INPUT —
+-------+

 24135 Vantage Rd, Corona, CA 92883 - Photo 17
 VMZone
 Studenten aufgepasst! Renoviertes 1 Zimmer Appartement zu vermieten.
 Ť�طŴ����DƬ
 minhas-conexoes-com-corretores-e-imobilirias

+-------+

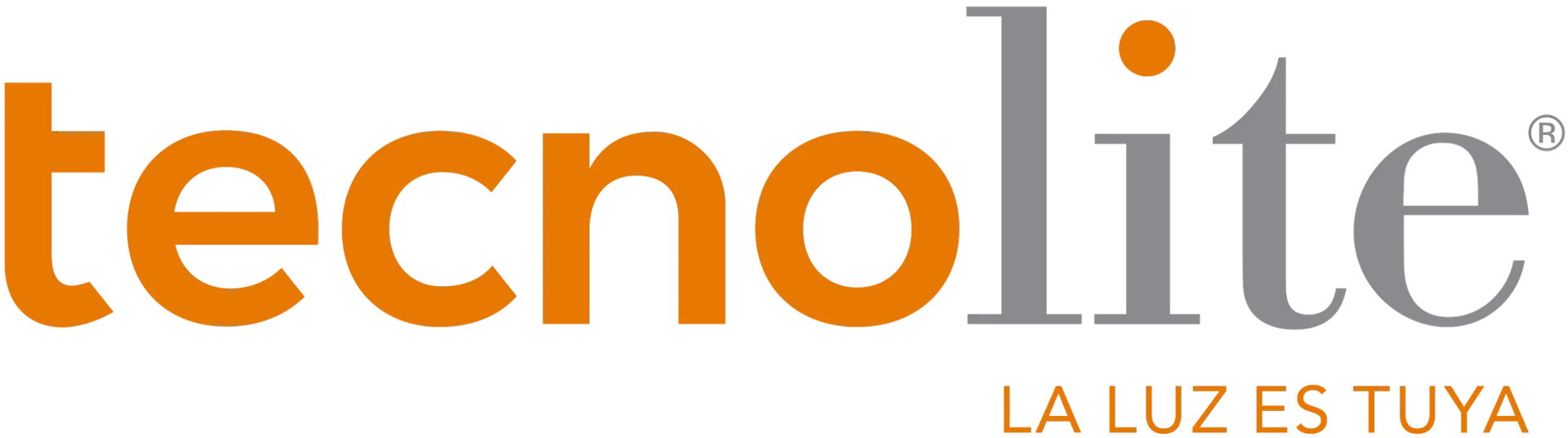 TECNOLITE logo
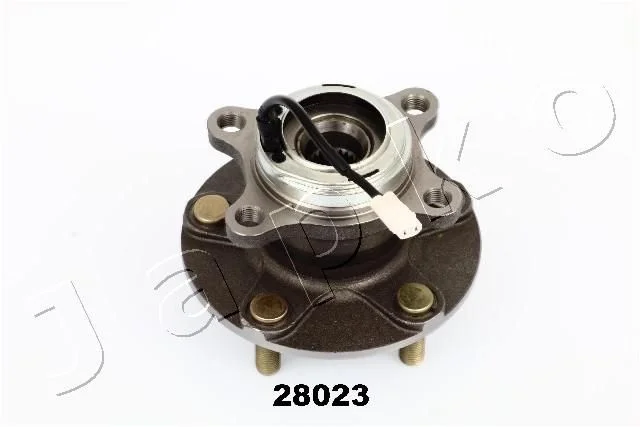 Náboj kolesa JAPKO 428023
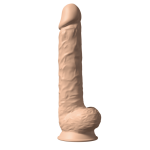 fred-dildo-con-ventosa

+-------+

EXERCISE DIRECTIONS — Using the records above, repeat exactly the run of lines that starts with the line with "Náboj kolesa JAPKO 428023" and goes on through the line with "fred-dildo-con-ventosa"; omit each picture.

SOLUTION TO THE PROBLEM —
 Náboj kolesa JAPKO 428023
 fred-dildo-con-ventosa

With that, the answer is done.